Read the chapter 16 in our text (Logic Programming
Languages) as chapter eight in the SICStus Prolog User's
Manual which provides
a
terse introduction to Prolog as well as Chapters One
(How
to run Prolog) and Two
(Debugging).
You might also find this Prolog tutorial helpful.
1 Append [10]
This is just to help those who are very new to Prolog get started.
Define the append predicate by typing the clauses directly into the
Prolog interpreter. Here is a sample
session with Sicstus Prolog. The first line ( [user].)
tells Prolog to consult , or read new clauses to be added to
the database, the user. That is, clauses will be read from the
terminal and added to the database. The next two lines are the two
clauses that will define append/3 (i.e., a predicate named
append with three arguments). The (control-D) is how one signals
an "end of file" to the Prolog reader. In this case it causes
the Prolog reader to stop "consulting the user". Note that
the periods at the end of the first three lines are required.
Now try to append the list [a,b,c] to the list [1,2,3] by
typing in the goal append([a,b,c],[1,2,3],X).. If this is
successful, the binding for the variable X will be displayed and
the interpreter will wait for you to type a carriage-return
(indicating that you want no more answers) or a semi-colon (indicating
you want to to seek another answer). To help you understand how this
definition of append works, you can cause the interpreter to
trace the append predicate by issuing the command
trace(append/3). This will cause the interpreter to print
informative messages when it is executing append/3. Note that it
pauses whenever the predicate is called, typing an $h$ will show the
possible responses and typing a carriage-return will cause it to
continue ("creep").
Now try some other ways to use your append predicate.
Show what happens when you ask Prolog to solve each of the following goals. capture the session results in a file session1.txt.
- append([a,b,c],X,[a,b,c,d,e,f]).
- append(X,[d,e,f],[a,b,c,d,e,f]).
- append(X,Y,[a,b,c,d,e,f]).
- append(X,[d,e,f],Y).
- append(X,Y,Z).
Note: you can easily capture an interactive session on Unix using the standard unix script command (type man script for information on the script command).
1 Kinship Relationships [50]
This problem will give you some experience designing a simple logic
programming database in terms of primitive facts and rules. The domain
is one we are all familiar with - kinship relations.
Our western-European culture considers a number of kinship relations
to be especially meaningful and gives them names. Other cultures have
developed a much richer set of relationships. Most of these relations
can be defined in terms of a small number of primitive relations and
attributes, such as those having to do parenthood, marriage, gender,
age, etc. Your task is to:
- Choose a set of primitive relationships to encode as facts that
will allow you to define the rest of the relations as rules.
For example, you might choose to present child/2 as a primitive relation and define parent/2 in terms of child using the rule parent(X,Y) :- child(Y,X). Put the definitions and rules in a file kinship.pl. You can start with kinship_stub.pl if you like and replace the fail/0 predicates with appropriate code.

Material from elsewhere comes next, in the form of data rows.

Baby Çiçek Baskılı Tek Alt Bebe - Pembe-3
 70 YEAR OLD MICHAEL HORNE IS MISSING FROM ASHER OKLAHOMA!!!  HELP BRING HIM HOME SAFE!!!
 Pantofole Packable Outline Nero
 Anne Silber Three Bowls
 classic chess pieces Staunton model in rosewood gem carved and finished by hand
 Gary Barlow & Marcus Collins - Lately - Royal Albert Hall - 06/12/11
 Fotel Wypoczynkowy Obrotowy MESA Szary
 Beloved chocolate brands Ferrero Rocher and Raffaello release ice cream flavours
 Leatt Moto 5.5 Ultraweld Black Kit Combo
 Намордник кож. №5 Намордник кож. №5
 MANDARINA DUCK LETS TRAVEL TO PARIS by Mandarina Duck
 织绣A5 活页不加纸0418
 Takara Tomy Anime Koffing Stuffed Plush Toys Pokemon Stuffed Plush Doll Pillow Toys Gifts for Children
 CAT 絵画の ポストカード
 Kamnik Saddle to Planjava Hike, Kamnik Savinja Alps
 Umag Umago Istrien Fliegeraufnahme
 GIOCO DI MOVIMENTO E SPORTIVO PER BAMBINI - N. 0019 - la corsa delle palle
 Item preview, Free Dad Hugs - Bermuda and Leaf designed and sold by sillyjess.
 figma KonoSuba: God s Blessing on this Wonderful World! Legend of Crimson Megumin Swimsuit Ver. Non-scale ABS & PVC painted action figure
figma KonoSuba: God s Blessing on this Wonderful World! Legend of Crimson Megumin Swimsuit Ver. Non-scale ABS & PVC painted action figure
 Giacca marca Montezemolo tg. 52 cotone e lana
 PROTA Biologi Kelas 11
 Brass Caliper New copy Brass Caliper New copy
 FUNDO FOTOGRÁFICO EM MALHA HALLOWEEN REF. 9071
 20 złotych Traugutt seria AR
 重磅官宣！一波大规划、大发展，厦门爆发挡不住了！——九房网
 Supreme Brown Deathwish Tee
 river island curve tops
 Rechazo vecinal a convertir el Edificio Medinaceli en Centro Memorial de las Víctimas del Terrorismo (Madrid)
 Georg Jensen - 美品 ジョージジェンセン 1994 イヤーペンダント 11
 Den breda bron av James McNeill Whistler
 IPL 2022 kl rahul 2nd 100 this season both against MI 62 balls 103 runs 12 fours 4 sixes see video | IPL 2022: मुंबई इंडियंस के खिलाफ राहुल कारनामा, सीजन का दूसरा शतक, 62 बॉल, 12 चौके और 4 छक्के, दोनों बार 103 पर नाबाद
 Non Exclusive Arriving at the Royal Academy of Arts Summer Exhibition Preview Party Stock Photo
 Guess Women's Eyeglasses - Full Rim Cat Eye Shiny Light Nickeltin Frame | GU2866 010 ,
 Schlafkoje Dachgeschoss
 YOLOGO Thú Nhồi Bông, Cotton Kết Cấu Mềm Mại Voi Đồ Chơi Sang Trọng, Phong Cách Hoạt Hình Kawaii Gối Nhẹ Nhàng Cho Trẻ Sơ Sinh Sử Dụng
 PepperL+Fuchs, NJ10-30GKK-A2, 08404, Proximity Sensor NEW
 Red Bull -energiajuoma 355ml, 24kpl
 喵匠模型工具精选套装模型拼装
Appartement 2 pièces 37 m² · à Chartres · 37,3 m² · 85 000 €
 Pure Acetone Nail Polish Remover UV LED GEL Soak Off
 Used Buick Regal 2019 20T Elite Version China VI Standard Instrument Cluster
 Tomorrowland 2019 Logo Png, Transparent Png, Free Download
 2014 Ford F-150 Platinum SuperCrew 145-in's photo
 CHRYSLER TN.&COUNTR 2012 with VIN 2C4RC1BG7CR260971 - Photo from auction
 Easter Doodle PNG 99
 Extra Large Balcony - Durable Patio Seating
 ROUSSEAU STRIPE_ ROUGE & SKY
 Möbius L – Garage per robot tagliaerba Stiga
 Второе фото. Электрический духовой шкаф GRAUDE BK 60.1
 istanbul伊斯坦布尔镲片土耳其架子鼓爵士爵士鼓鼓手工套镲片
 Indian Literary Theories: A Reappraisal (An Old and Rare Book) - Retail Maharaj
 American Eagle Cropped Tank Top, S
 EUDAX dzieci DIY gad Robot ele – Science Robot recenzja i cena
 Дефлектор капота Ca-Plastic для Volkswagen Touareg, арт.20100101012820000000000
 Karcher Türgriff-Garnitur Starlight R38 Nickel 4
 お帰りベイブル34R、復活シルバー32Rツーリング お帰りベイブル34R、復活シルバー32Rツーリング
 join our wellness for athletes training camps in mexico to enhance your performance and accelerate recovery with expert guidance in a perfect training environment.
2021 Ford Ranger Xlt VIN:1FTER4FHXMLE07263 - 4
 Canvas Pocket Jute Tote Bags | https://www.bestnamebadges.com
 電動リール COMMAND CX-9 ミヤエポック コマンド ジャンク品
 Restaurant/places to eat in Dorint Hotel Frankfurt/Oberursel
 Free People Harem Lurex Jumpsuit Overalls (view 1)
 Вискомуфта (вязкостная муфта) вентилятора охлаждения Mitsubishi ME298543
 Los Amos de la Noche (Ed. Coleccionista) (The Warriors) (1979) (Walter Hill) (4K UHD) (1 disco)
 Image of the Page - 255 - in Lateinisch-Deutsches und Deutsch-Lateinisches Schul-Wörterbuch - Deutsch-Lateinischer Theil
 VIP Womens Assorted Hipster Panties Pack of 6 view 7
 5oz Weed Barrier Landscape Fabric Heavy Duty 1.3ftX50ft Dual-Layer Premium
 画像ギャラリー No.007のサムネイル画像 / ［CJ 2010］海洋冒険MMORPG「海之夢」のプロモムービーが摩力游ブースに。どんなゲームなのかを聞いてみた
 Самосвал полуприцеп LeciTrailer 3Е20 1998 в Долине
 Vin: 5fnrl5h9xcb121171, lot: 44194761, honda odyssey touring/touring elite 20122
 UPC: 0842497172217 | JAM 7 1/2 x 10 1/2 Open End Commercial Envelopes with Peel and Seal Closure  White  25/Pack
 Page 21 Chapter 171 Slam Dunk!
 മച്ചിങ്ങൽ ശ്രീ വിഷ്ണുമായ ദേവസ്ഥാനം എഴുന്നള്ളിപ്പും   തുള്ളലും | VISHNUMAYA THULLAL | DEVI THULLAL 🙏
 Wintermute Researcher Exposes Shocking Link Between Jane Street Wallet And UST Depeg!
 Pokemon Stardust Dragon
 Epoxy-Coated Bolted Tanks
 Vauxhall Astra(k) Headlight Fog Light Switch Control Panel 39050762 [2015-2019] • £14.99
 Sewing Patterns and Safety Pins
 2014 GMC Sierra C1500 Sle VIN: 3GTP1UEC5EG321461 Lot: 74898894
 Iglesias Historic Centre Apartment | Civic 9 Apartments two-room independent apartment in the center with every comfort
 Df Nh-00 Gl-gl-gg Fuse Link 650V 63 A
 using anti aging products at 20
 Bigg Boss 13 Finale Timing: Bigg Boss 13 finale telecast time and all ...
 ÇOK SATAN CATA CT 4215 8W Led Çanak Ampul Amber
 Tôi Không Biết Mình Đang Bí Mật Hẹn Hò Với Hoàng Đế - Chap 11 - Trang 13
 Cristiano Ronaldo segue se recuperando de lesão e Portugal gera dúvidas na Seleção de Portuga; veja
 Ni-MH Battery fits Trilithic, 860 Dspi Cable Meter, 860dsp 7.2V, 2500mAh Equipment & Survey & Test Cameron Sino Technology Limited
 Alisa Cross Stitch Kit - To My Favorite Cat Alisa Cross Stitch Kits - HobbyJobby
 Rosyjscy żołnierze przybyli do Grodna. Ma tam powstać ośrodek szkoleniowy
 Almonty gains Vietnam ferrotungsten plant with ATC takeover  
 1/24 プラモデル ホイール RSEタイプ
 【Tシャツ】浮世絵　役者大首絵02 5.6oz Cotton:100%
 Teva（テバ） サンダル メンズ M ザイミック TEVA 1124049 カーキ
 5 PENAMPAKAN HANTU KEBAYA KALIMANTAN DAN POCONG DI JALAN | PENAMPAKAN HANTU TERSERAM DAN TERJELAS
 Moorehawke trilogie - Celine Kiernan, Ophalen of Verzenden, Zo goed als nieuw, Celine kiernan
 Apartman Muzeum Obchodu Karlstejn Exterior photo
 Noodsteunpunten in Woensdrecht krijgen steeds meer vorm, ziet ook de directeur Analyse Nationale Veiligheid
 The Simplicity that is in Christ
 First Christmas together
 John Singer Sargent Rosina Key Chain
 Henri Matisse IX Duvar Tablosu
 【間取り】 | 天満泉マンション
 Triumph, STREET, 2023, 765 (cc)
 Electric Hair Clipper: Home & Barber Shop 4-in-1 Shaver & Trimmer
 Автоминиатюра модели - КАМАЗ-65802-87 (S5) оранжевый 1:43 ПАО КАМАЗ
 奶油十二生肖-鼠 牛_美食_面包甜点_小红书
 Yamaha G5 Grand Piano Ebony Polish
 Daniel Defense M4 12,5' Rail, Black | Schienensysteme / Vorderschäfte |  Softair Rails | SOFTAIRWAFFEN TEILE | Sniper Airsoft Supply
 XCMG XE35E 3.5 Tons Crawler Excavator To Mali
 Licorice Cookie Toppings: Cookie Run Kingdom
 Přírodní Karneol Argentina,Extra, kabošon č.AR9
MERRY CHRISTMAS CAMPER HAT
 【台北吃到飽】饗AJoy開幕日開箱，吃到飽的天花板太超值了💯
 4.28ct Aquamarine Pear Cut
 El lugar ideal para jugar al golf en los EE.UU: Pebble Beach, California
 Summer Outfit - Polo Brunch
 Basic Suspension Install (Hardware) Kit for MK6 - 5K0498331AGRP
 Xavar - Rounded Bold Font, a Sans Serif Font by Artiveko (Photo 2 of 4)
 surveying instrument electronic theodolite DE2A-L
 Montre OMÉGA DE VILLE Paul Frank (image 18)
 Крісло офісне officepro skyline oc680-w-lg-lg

- Test out your database design by creating a file the facts about your
own immediate family. Name this myfamily.pl. You can view myfamily.pl as an example.
Demonstrate that your representation works via a session showing a query for each of the predicates (facts and rules). Capture the session in a file session.txt.
- versity that your representation works using the file hw7test.pl. Load this into prolog and it will print out all of the relations than can be proven.
- Hand in the
three two files kinship.pl and myfamily.pl and session.txt
The relationships you must define are the following:
- child(X,Y) - true if X is a child of Y.
- daughter(X,Y) - true if X is a daughter of Y.
- parent(X,Y) - true if X is a parent of Y.
- mother(X,Y) - true if X is the mother of Y.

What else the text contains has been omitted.